Greenland, August 1995 Trip Report

This was an extension of our first Iceland trip: Iceland is stunning, unique, and seemed close to the ends of the earth, but, compared to Greenland, felt extraordinarily civilized and calm.

Flying out of Reykjavik city airport, our flight was into Kulusuk airport, which features polar bear skins on the wall. I figured that they were historical until I read the little sign that told how the polar bears had swum up to the island that the airport is on…the year before. You don’t want polar bears and people together, evidently. We landed on a pebbly strip between the mountains, then waited for our helicopter which was to take us to Tasiilaq/Ammasilik, the east coast town where we would be staying. (n.b. The town is now called Tasiilaq; the most recent name was Ammasilik, and the first name, its name at the time I visited, as well as the name of the hotel, is Angmassilik. Just to try to clear it up a bit.)
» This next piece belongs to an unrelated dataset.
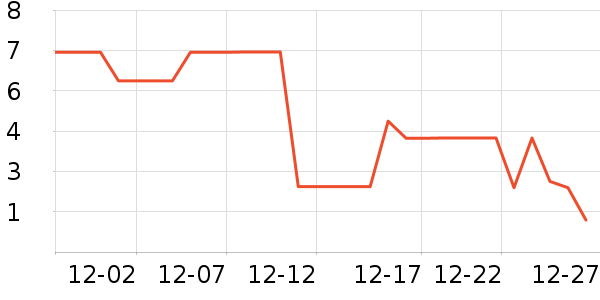 ����Ʒ�ƹ��������ʷ�۸�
Choppering over icy seas and craggy mountains, we landed in what reminded me of a frontier town, with wooden houses painted deep shades of green, red, or blue, with an occasional purple thrown in. It’s exceeding picturesque, but closer inspection shows garbage galore and evidence of squalor. (There are 1600 people living here, after all.) Packaging seems to be a major problem, and then there’s that inverse proportion that I’ve seen before in man-made versus the beauty of the surroundings. These are incredibly gorgeous surroundings in a powerfully majestic way.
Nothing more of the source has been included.